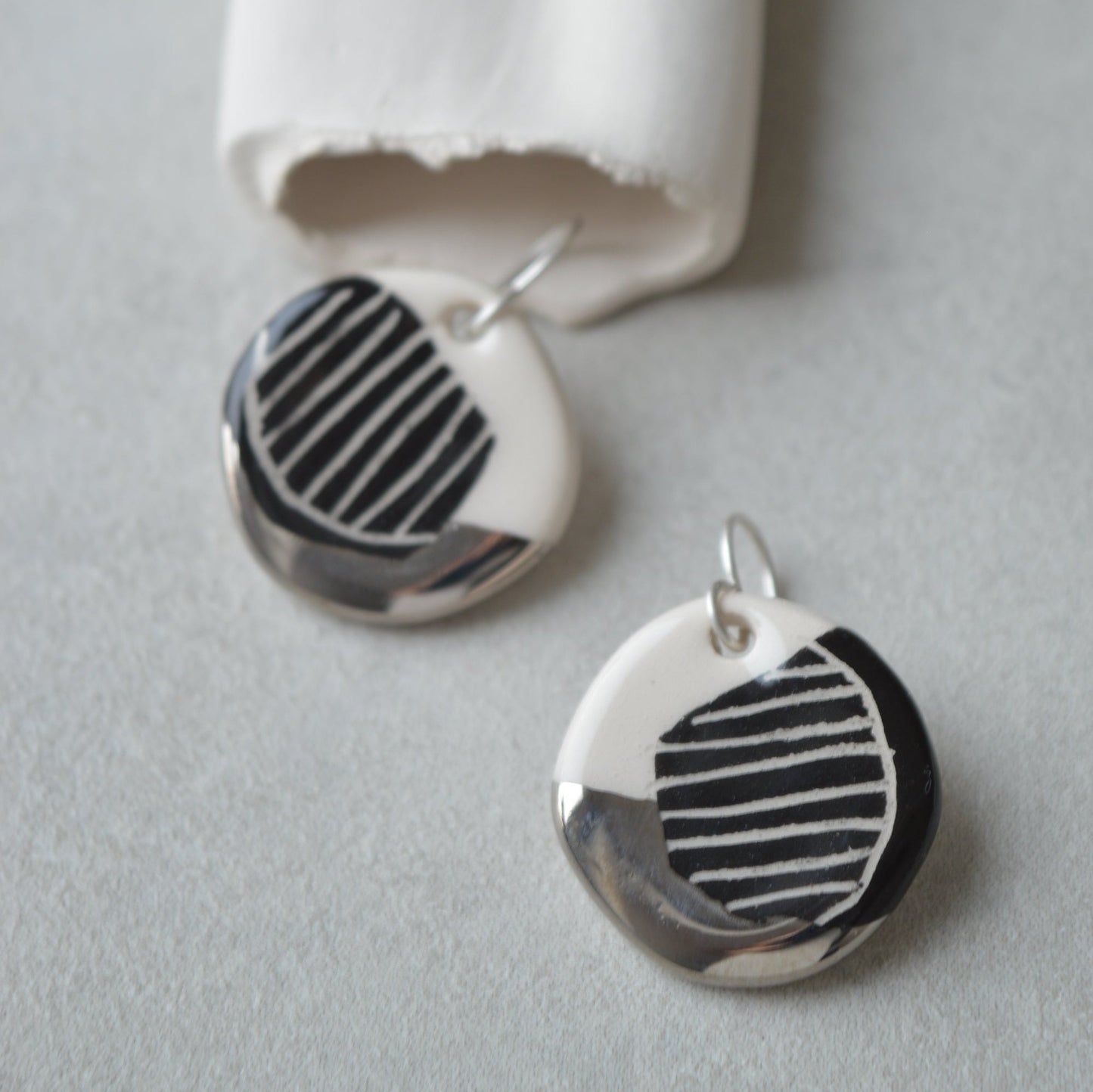 Geometric earrings Nr. 5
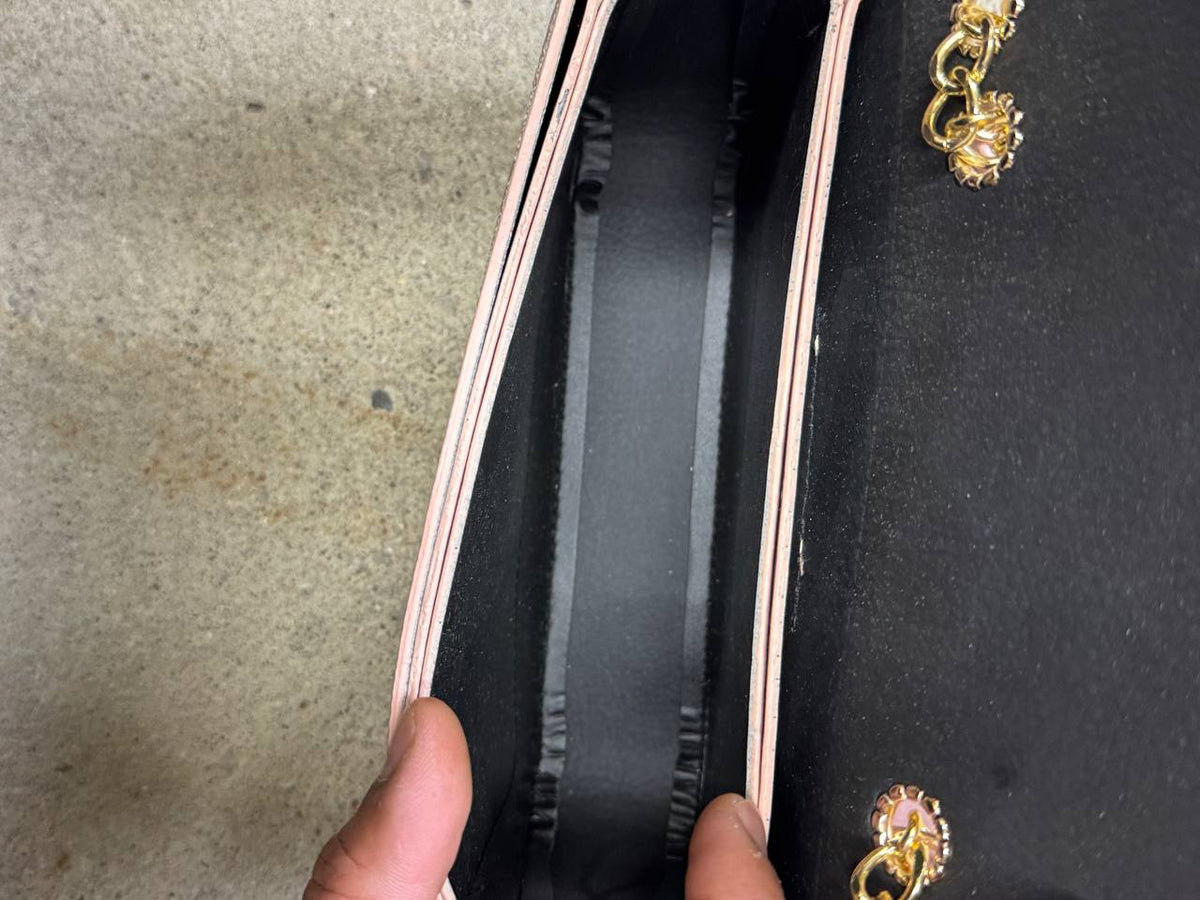 Guess | Umhängetasche 4G Rosa | One Size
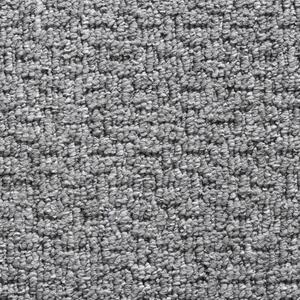 Metrážový koberec BUNNING šedý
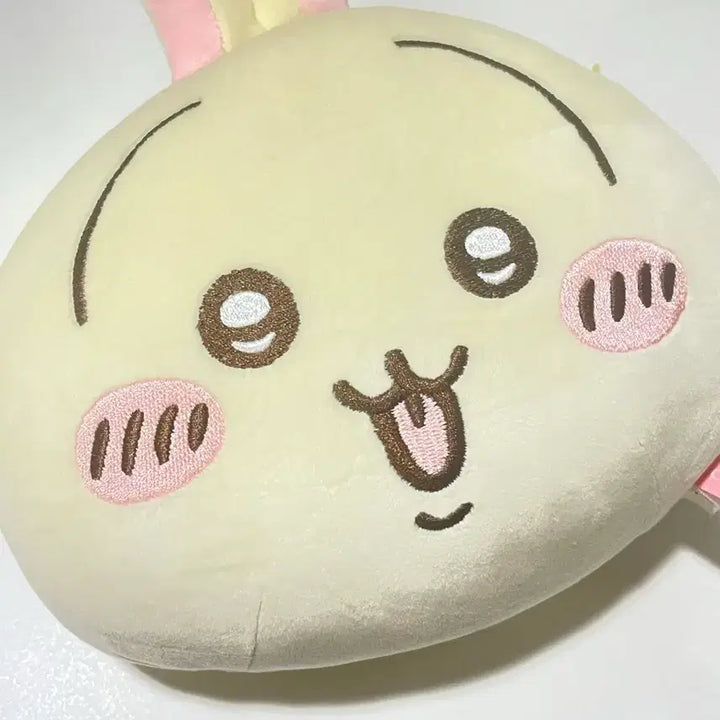 [BUNJANG] Munjakgwi Usagi Plush Pouch Bag / 먼적귀 우사기 인형 쿠션 파우치 가방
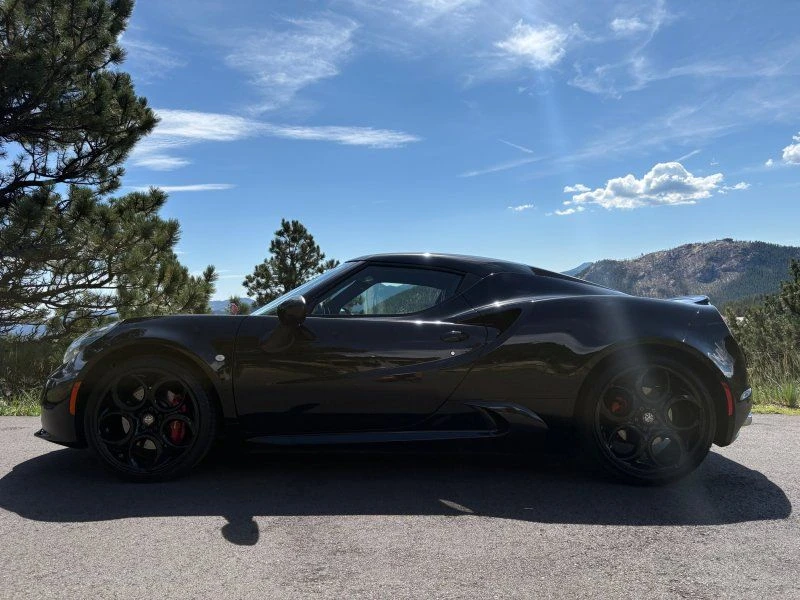 2015 Alfa Romeo 4C Coupe - Image 2 of 31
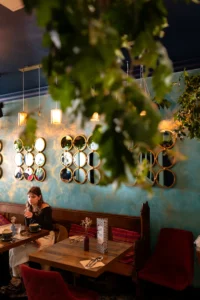 رستوران کوچه مزه بار (Koocha Mezze Bar) در بریستول — تصویر 8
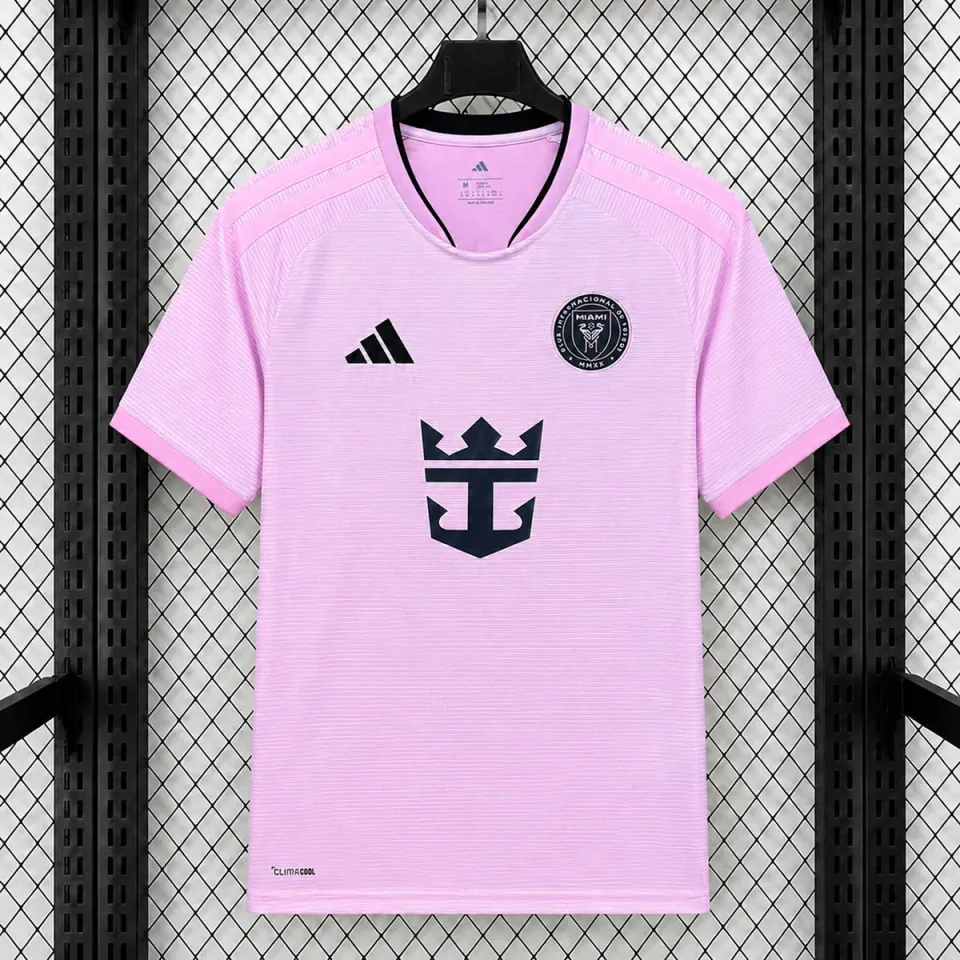 Tifoso Store Prima Maglia Inter Miami 2026/27 maglia rosa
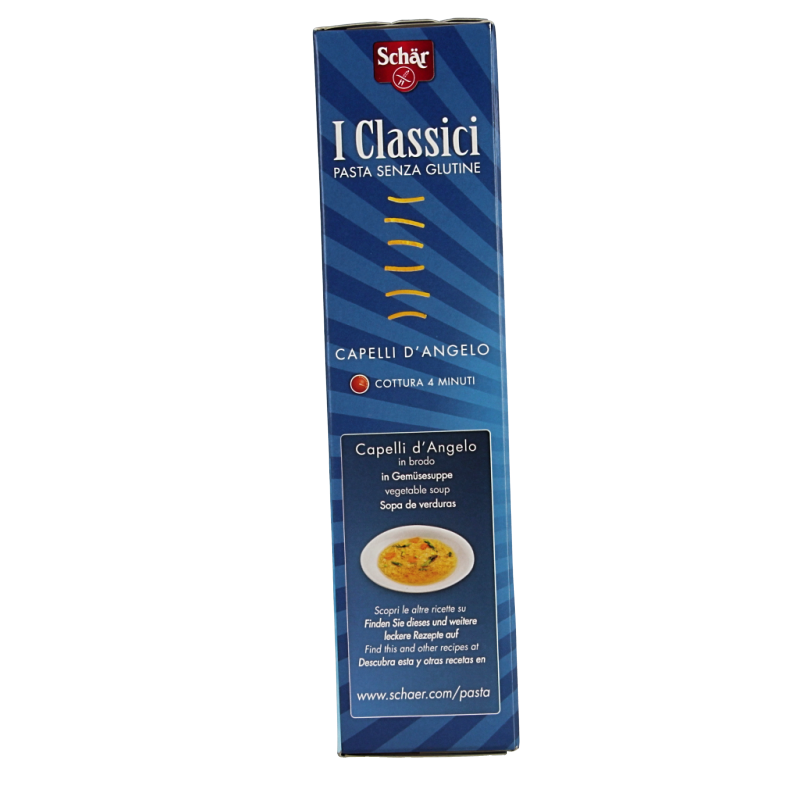 Schar Capelli d'Angelo vermicelli glutenvrij 250 Gram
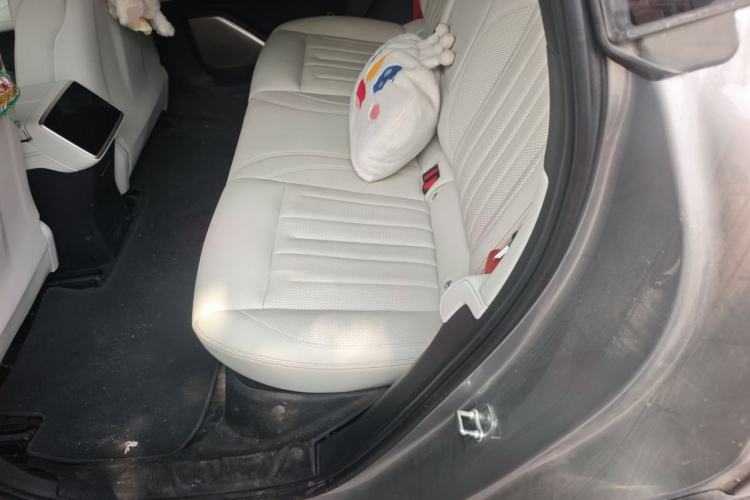 Used ONVO L60 2024 60 kWh Rear-Drive Version Left Rear Seat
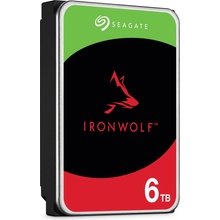 Seagate IronWolf 6TB, ST6000VN006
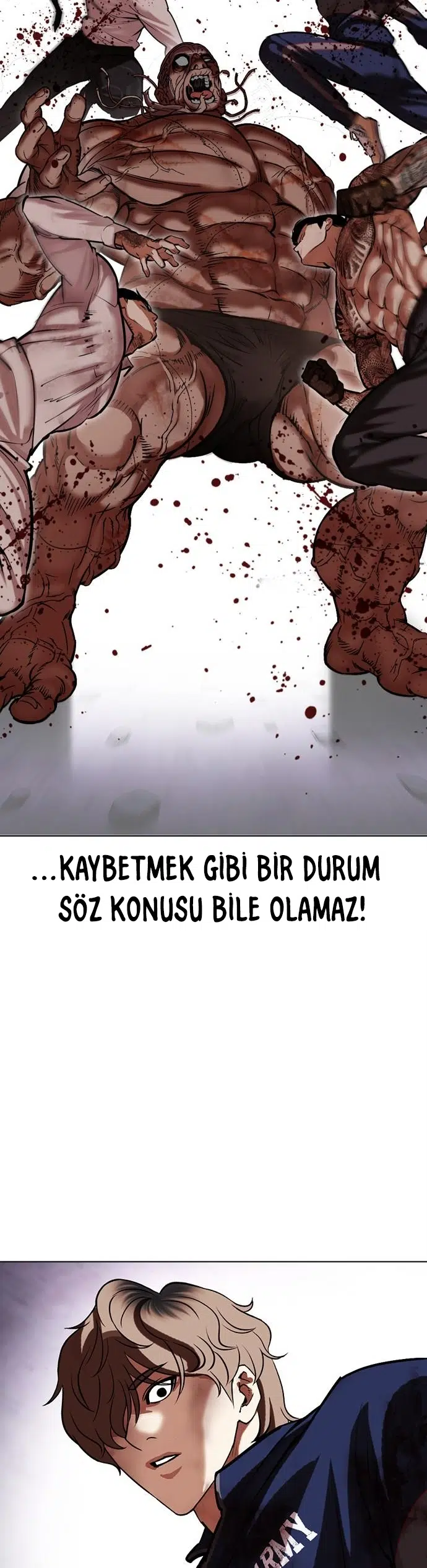 Görünüşçülük - Bölüm 472 Sayfa 10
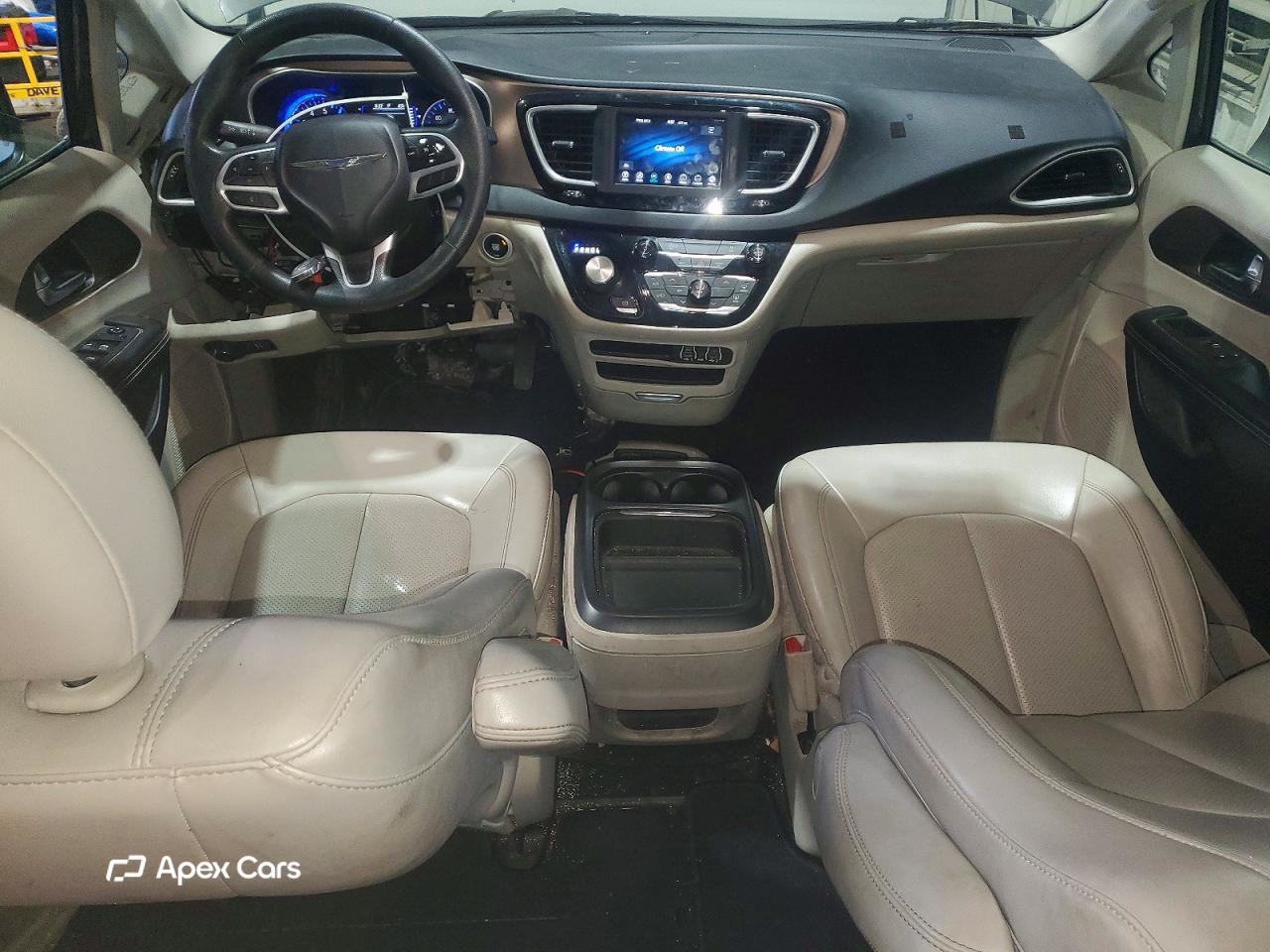 Chrysler Voyager 2021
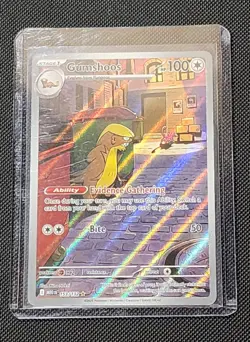 Gumshoos - 153/132, Mega Evolution, Pokemon TCG, Near Mint - Image 1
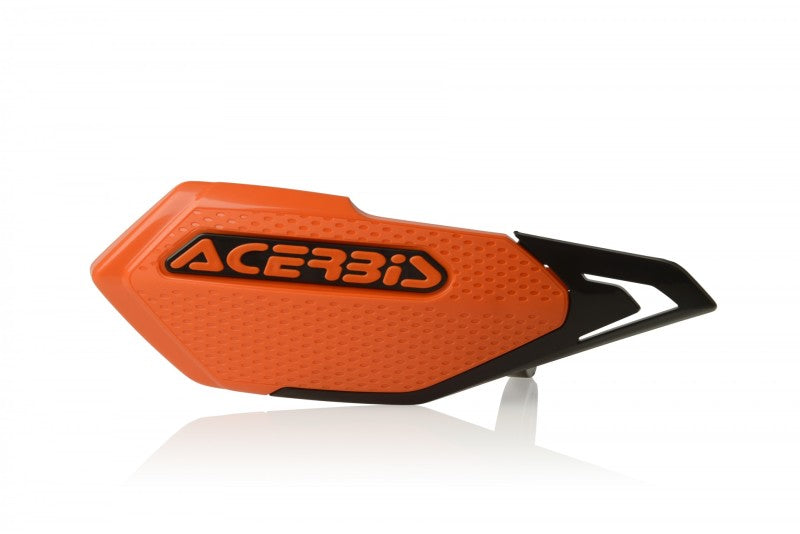 Acerbis X-Elite Handguards Org/Blk 2856895225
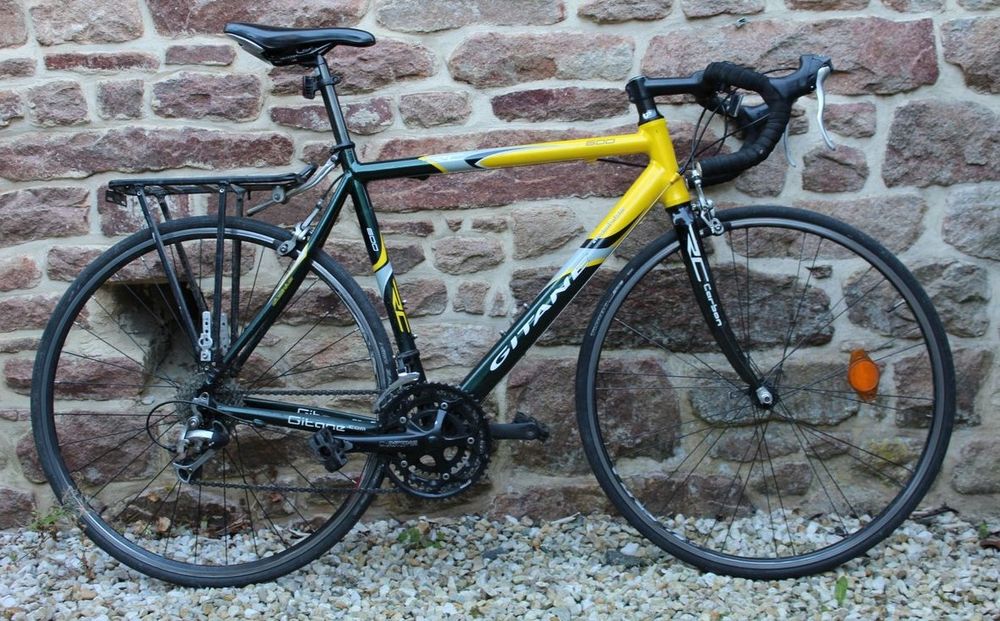 Velo de route occasion morbihan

_Your goal:_
Pictures aside, every entry above must be repeated exactly.

_Result:_
 Geometric earrings Nr. 5
 Guess | Umhängetasche 4G Rosa | One Size
 Metrážový koberec BUNNING šedý
 [BUNJANG] Munjakgwi Usagi Plush Pouch Bag / 먼적귀 우사기 인형 쿠션 파우치 가방
 2015 Alfa Romeo 4C Coupe - Image 2 of 31
 رستوران کوچه مزه بار (Koocha Mezze Bar) در بریستول — تصویر 8
 Tifoso Store Prima Maglia Inter Miami 2026/27 maglia rosa
 Schar Capelli d'Angelo vermicelli glutenvrij 250 Gram
 Used ONVO L60 2024 60 kWh Rear-Drive Version Left Rear Seat
 Seagate IronWolf 6TB, ST6000VN006
 Görünüşçülük - Bölüm 472 Sayfa 10
 Chrysler Voyager 2021
 Gumshoos - 153/132, Mega Evolution, Pokemon TCG, Near Mint - Image 1
 Acerbis X-Elite Handguards Org/Blk 2856895225
 Velo de route occasion morbihan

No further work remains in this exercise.